Insgesamt 53 Bewertungen
Bewertung vom 06.09.2015
Wie die Franzosen die Liebe erfanden
Yalom, Marilyn

Wie die Franzosen die Liebe erfanden


sehr gut

In „Wie die Franzosen die Liebe erfanden“ taucht Marilyn Yalom tief in die mitteleuropäische Literaturgeschichte ein, um dem Leser jenen besonderen Esprit zu vermitteln, der den Franzosen zum Thema Liebe immer noch anhaftet. Das Alleinstellungsmerkmal der Liebe à la française ist die Bedeutung die sie sexueller Lust beimisst, so Marilyn Yalom. Betrug und Liebesverrat gehören praktisch zum guten Ton und von der Prüderie amerikanischer Provinzstädte ist Paris in etwa so weit entfernt, wie Planet Mars von der Erde. Augenscheinlich hat die französische Literatur einen nicht unerheblichen Anteil an dem leidenschaftlichen Gebaren des Nachbarlandes. Es ist schon erstaunlich, was Marilyn Yalom da aus Moliére, Racine, Balzac, George Sand, Rimbaud, Proust, Simone de Beauvoir und Marguerite Duras und einigen anderen Schriftsteller-Heroen herausholt. Diese kulturhistorischen Betrachtungen habe ich mit großem Vergnügen gelesen. Man merkt die Begeisterung der Autorin für ihr Thema an. Dabei ist der Erzählton wohltuend nüchtern gehalten, aber niemals wissenschaftlich abgehoben. Frankreich, einmal Hort der Aufklärung und Synonym für Modernität hat über die Jahrhunderte europäisches Leben geprägt und mündet nun langsam in den Nihilismus Houellebecqs. Da wird ein interessanter Bogen gespannt, der mich auf keiner Seite gelangweilt hat. Ein Buch für Frankreichfreunde!

Bewertung vom 06.09.2015
Billy
Einzlkind

Billy


ausgezeichnet

Billy ist Schotte, gut ausgelasteter Auftragsmörder und Hobby-Philosoph in einer Person. Schließlich hat Nietzsche sein Leben mehr beeinflusst, als seine früh verstorbenen Hippieeltern. Von den Beiden hat er lediglich die Liebe zur Musik geerbt. Es ist sein liebevoller Onkel, der ihn aufzieht und mit philosophischen Fragestellungen konfrontiert, die sich durch den gesamten Roman ziehen. Die neue Familie gibt ihm alles, was er zum Leben in der schottischen Provinz braucht. Schutz, immer mindestens ein offenes Ohr und den Hang Klartext untereinander zu reden. Es ist schlussendlich einfach logisch, dass Billy in der familieneigenen Firma für Auftragsmorde seinen Dienst antritt.

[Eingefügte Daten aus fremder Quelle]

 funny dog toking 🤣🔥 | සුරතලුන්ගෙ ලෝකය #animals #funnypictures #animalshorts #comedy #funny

Zwölf Mal hat er inzwischen seinen Job getan. Er hat seine Opfer, die eigentlich auch Täter sind, gefesselt, er hat sie reden lassen, um etwas über ihr Leben zu erfahren. Er hat Ihnen einen letzten Musikwunsch erfüllt. Er verhält sich korrekt, nichts Persönliches bringt Billy zum morden. Kein Gerechtigkeitssinn treibt ihn an. Er erledigt einen Job. Sonst nichts. Schließlich fliegt er nach Las Vegas, um seinen Kumpel Whip zu treffen, der ebenfalls für die Firm arbeitet und die Dinge eskalieren. Doch bis dahin trifft Billy Elvis, der sich allerdings mit „w“ schreibt. Ein Wüstenindianer vom Stamme der Apachen kommt ihm in die Quere und die Anzahl von Wasserstoffblondinen mit Brustverstärkung nimmt in Las Vegas groteske Züge an.

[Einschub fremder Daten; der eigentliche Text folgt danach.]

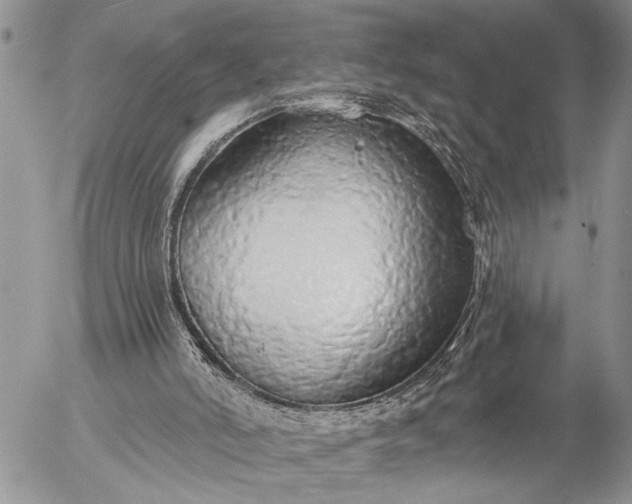 X0000057090006200509231702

Einzlkind- cleveres Pseudonym übrigens- ist in der deutschen Literaturlandschaft kein Unbekannter mehr. Er hat mit „Harold“ und „Gretchen“ bereits Aufmerksamkeit in den Feuilletons erregt. Nun legt er mit „Billy“ einen bärenstark erzählten Roman vor, der durch seine Spannungselemente ins Thriller-Genre hereinreicht, aber letztendlich in der gehobenen Literatur zu verorten ist. Inhalt geht also über Effekte. Wobei Billy einen erfrischend schnoddrigen Ton anschlägt, der den Leser bei Billy tatsächlich an einen Schotten denken lässt. Seine Beobachtungen, ob nun in Hotelbars, dem Death Valley oder Spielerstadt Las Vegas sind voll sprachlicher Tiefenschärfe. Seine philosophischen Rundumschläge lassen den Leser aufhorchen und nachdenken.

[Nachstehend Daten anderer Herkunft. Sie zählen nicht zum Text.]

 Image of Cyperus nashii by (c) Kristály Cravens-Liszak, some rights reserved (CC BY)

Er zerlegt Begriffe, wie Gerechtigkeit, Mitleid und Gleichheit, wobei er, wie sein Vorbild Nietzsche, deren erwiesenen Evolutionsnutzen strikt leugnet. Immer wieder fasst er hinter die Worthülsen und zeigt, was sie tatsächlich bedeuten oder beweist deren Inhaltsleere. Mir hat die Auseinandersetzung mit diesem fulminanten Stück Literatur ungemein Freude bereitet. Das sind wirklich Menschen über die der Autor schreibt und gleichzeitig ist das alles undenkbar, was wir da lesen. Das Buch bringt es fertig Humor, Mord und Philosophie zu einem gelungenen Ganzen zu vereinen. Hier sucht jemand die Wahrheit und zwar seine eigene. Dafür gebührt Einzlkind mein Respekt!

Bewertung vom 16.08.2015
Dreimal schwarzer Kater / Inspecteur Sebag Bd.1
Georget, Philippe

Dreimal schwarzer Kater / Inspecteur Sebag Bd.1


gut

Inspecteur Gilles Sebag liebt Kaffee, seine Frau Claire und den Sommer im Roussillon, solange ihn die Arbeit verschont. Was in einem Krimi naturgemäß nicht lange der Fall ist. In Argeles sur Mer wird eine Tote aufgefunden, außerdem verschwindet eine junge Frau. Ist es ein Zufall, dass beide Frauen aus den Niederlanden stammen? Und wie passen diese Puzzleteilchen zu dem Abtauchen eines Taxifahrers in Perpignan? Gar nicht, denkt Giles zunächst. Überdies macht ihm seine Frau Sorgen. Es scheint, sie hätte sich einen neuen Mann geangelt. Hat er Claire vernachlässigt, soll er über einen kleinen Seitensprung großzügig hinwegsehen oder seiner Angetrauten eine Szene machen? Gilles gerät mächtig ins Schwitzen. Woran auch ein karrieregeiler Kollege aus Paris Schuld trägt. Es dauert eine ganze Weile, bis Gilles versteht im Mittelpunkt eines perfiden Spiels zu stehen, dessen Opfer in einem Versteck um sein Überleben zittert.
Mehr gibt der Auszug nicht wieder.